- EXERCISE PROMPT: Your task is to repeat the entries exactly. Leave the pictures out.

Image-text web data
= = = =

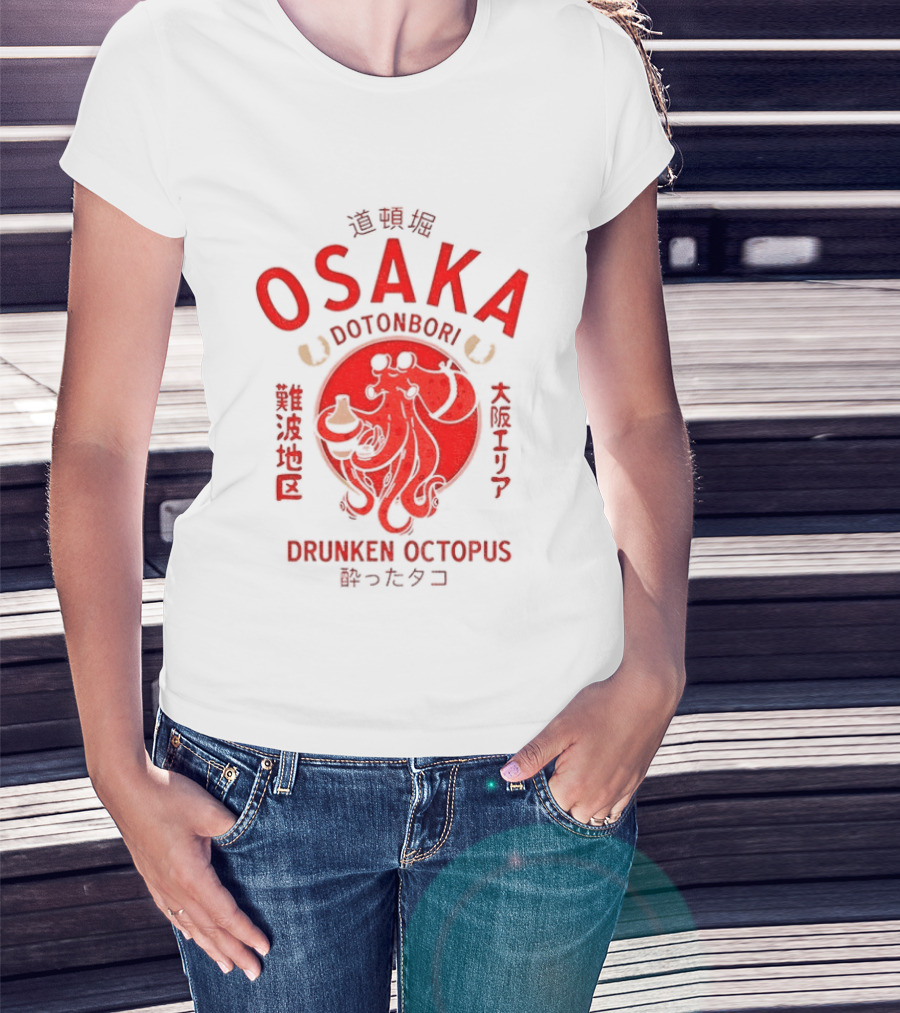 Dotonbori Osaka Drunken Octopus Seafood Culture Japan T-Shirt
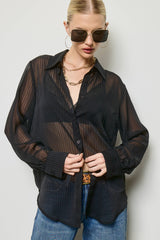 Sheer Stripe Button Down Blouse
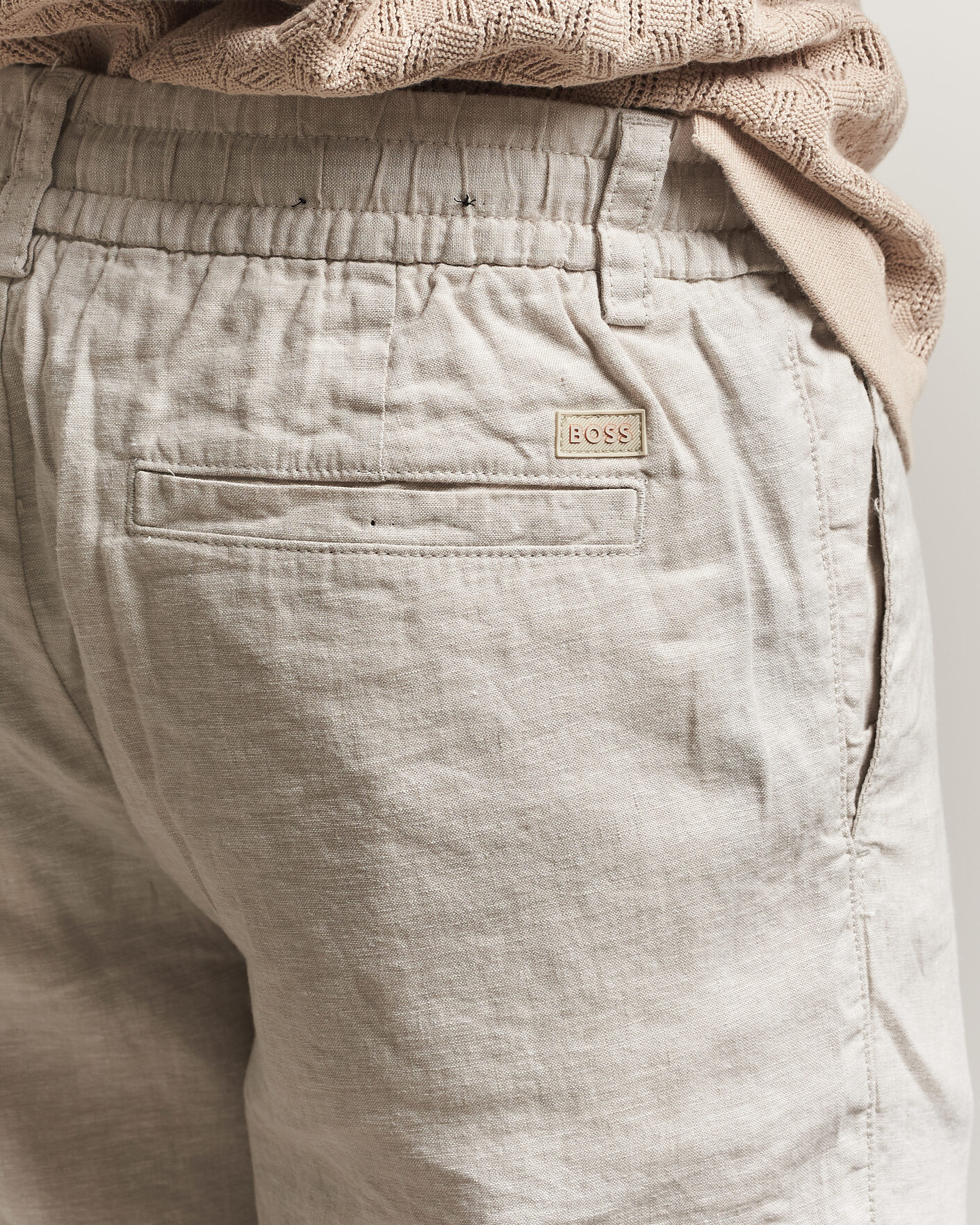 Heren | Korte broek | BOSS ORANGE | Tapered Linen Drawstring Shorts Open Grey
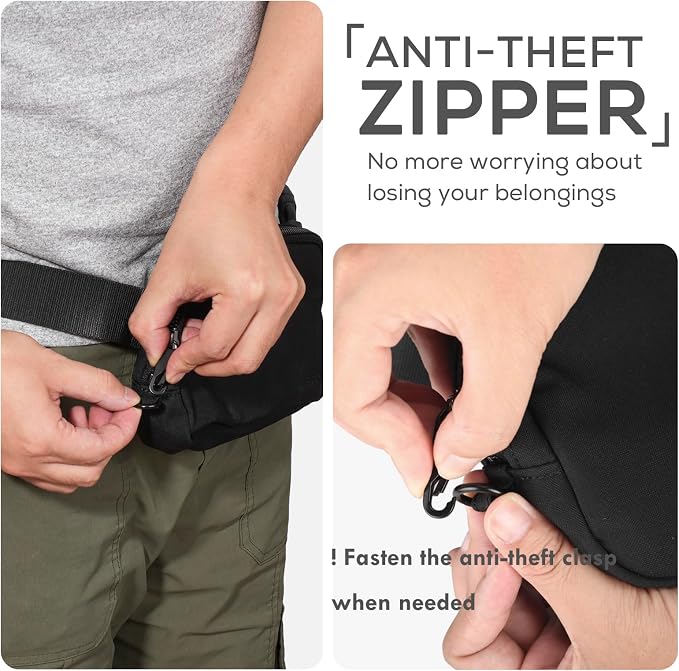 Black Fanny Pack Anti Theft for Women Men Travel, Small Belt Bag, Waist Crossbody with Adjustable Strap, Water-repellent & Lightweight, Stylish Everywhere Bag for Father Teens Trip, Workout, Unisex - Image 3
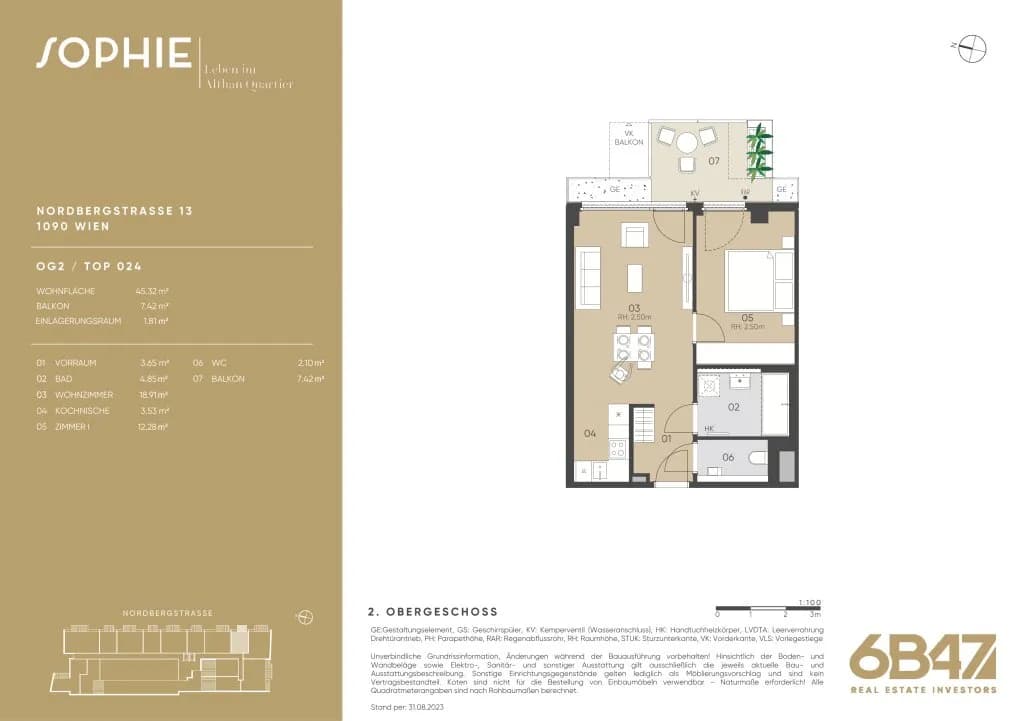 2-Zimmer-Wohnung kaufen in Wien – 45,17 m², € 435.500 – Bild 13 von 13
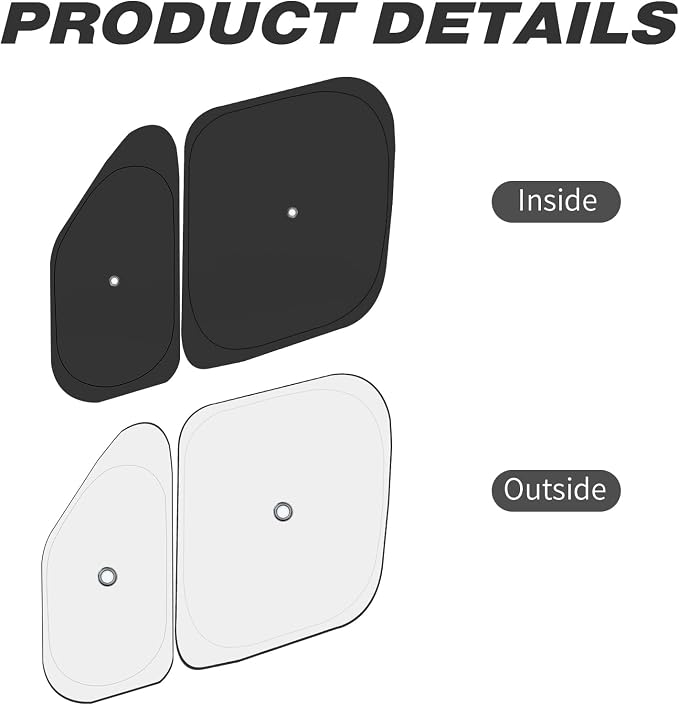 Front Side Window Sun Shade for 2014-2025 Dodge RAM ProMaster Full Size Cargo Van, Foldable Window Sunshade Sun Visor Protector, Side Window Shades Sun Shield Blocks UV Rays Heat, Pack of 4 - Image 6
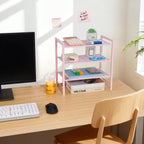 Desktop Shelf Organizer, 3-Tier Office Storage Rack, Adjustable Metal Bookshelf for Top of Desk, Pink Desk Organizer for Office, Home, Dorm and Small Spaces (Pink)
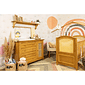 Kit Feliz Berço 2 em 1 e Cômoda 4 Gavetas e 1 Porta com Rattan em Madeira Maciça Mel Kit Feliz Berço 2 em 1 e Cômoda 4 Gavetas e 1 Porta com Rattan em Madeira Maciça Mel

= = = =

- OUTPUT FOR THIS TASK:
 Dotonbori Osaka Drunken Octopus Seafood Culture Japan T-Shirt
 Sheer Stripe Button Down Blouse
 Heren | Korte broek | BOSS ORANGE | Tapered Linen Drawstring Shorts Open Grey
 Black Fanny Pack Anti Theft for Women Men Travel, Small Belt Bag, Waist Crossbody with Adjustable Strap, Water-repellent & Lightweight, Stylish Everywhere Bag for Father Teens Trip, Workout, Unisex - Image 3
 2-Zimmer-Wohnung kaufen in Wien – 45,17 m², € 435.500 – Bild 13 von 13
 Front Side Window Sun Shade for 2014-2025 Dodge RAM ProMaster Full Size Cargo Van, Foldable Window Sunshade Sun Visor Protector, Side Window Shades Sun Shield Blocks UV Rays Heat, Pack of 4 - Image 6
 Desktop Shelf Organizer, 3-Tier Office Storage Rack, Adjustable Metal Bookshelf for Top of Desk, Pink Desk Organizer for Office, Home, Dorm and Small Spaces (Pink)
 Kit Feliz Berço 2 em 1 e Cômoda 4 Gavetas e 1 Porta com Rattan em Madeira Maciça Mel Kit Feliz Berço 2 em 1 e Cômoda 4 Gavetas e 1 Porta com Rattan em Madeira Maciça Mel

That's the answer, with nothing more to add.